Oracle Database 11g Enterprise Edition Release 11.1.0.7.0 - Production
With the Partitioning, OLAP, Data Mining and Real Application Testing options

SQL> create table t_part
2 compress
3 --compress for all operations
4 partition by list (user_id) (
5 partition p_default values (default)
6 )
7 as
8 select * from all_users;

Table created.

SQL> alter table t_part set unused (created);

Table altered.

SQL> alter table t_part drop unused columns;
alter table t_part drop unused columns
*
ERROR at line 1:
ORA-39726: unsupported add/drop column operation on compressed tables

SQL> alter table t_part drop column username;
alter table t_part drop column username
*
ERROR at line 1:
ORA-39726: unsupported add/drop column operation on compressed tables

SQL> alter table t_part add test_col varchar2(10);

Table altered.

SQL> alter table t_part add test_col2 varchar2(10) default 'BLA';
alter table t_part add test_col2 varchar2(10) default 'BLA'
*
ERROR at line 1:
ORA-39726: unsupported add/drop column operation on compressed tables

SQL> alter table t_part split partition p_default values (123)
2 into (partition p_123 compress for all operations, partition p_default);

Table altered.

SQL> select
2 partition_name
3 , compression
4 , compress_for
5 from
6 user_tab_partitions
7 where
8 table_name = 'T_PART';

PARTITION_NAME COMPRESS COMPRESS_FOR
------------------------------ -------- ------------------
P_DEFAULT ENABLED DIRECT LOAD ONLY
P_123 ENABLED FOR ALL OPERATIONS

SQL> alter table t_part add test_col2 varchar2(10) default 'BLA';

Table altered.

SQL> alter table t_part drop unused columns;
alter table t_part drop unused columns
*
ERROR at line 1:
ORA-39726: unsupported add/drop column operation on compressed tables

SQL> alter table t_part drop column username;
alter table t_part drop column username
*
ERROR at line 1:
ORA-39726: unsupported add/drop column operation on compressed tables

SQL>


Notice the inconsistent behaviour: The first DDL command after having added a partition with advanced compression succeeds, but the following DDLs fail with an error message.

If the order of these DDLs is changed, then it becomes obvious that always the first DDL is successful no matter which of those failing otherwise comes first.
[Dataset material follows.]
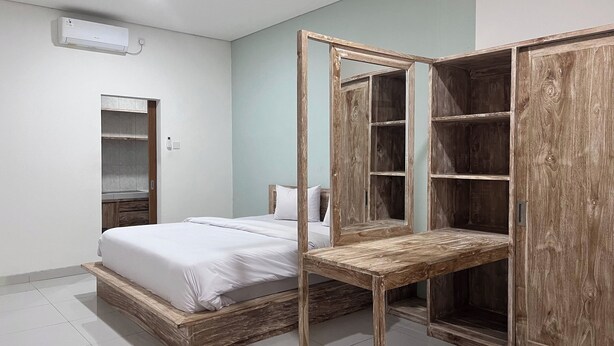 A bedroom with a wooden bed frame, a bedside table, a wardrobe with mirrored doors, and a built-in shelf unit. - Maisaba Living Sibang Gede (Abiansemal)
Furthermore in 11.1.0.7 if you have a mixture of Advanced Compression (COMPRESS FOR ALL OPERATIONS) and NOCOMPRESS partitions still above restrictions apply - only if you have set all partitions to COMPRESS FOR ALL OPERATIONS then the restrictions are lifted which looks more like a bug than a feature.

I'll go into more details below which settings influence this behaviour.

e. Oracle 11.2 introduces Hybrid Columnar Compression (HCC) which is only enabled in conjunction with ExaData

In 11.2 basic compression still has the same restrictions as already mentioned above, and if at least one partition of a partitioned table has advanced compression enabled then some of restrictions are lifted - even with a mixture of basic and advanced compression or a mixture of no compression and advanced compression, however adding a column with a default value is still only supported if all partitions are compressed with Advanced Compression. I'm not sure if this is really a feature since at least mixing Advanced Compression with no compression adding a column with default value should be possible.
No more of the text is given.